Recorded data Block Start

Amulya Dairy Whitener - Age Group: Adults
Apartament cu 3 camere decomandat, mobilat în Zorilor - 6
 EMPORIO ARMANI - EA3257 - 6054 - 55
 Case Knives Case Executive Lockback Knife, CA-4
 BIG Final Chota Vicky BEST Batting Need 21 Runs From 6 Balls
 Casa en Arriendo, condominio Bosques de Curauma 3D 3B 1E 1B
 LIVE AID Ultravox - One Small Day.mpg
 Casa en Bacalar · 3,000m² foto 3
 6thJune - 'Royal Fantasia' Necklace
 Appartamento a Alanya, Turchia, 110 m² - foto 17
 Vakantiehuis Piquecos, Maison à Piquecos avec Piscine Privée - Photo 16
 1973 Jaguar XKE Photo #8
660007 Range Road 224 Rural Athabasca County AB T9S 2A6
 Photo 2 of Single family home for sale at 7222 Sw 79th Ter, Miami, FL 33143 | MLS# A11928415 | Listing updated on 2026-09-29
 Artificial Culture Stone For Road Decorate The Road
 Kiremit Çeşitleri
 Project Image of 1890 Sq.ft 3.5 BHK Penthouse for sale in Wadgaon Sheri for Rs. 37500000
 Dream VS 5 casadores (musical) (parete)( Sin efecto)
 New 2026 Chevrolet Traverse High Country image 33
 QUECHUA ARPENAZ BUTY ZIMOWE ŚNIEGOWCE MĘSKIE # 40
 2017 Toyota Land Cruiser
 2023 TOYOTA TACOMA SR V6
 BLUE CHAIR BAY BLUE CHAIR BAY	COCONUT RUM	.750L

Recorded data Block End

Problem to work on: The answer should contain only the lines from the first line of the entries through the line holding "Casa en Arriendo, condominio", each exactly as written.

Answer space:
Amulya Dairy Whitener - Age Group: Adults
Apartament cu 3 camere decomandat, mobilat în Zorilor - 6
 EMPORIO ARMANI - EA3257 - 6054 - 55
 Case Knives Case Executive Lockback Knife, CA-4
 BIG Final Chota Vicky BEST Batting Need 21 Runs From 6 Balls
 Casa en Arriendo, condominio Bosques de Curauma 3D 3B 1E 1B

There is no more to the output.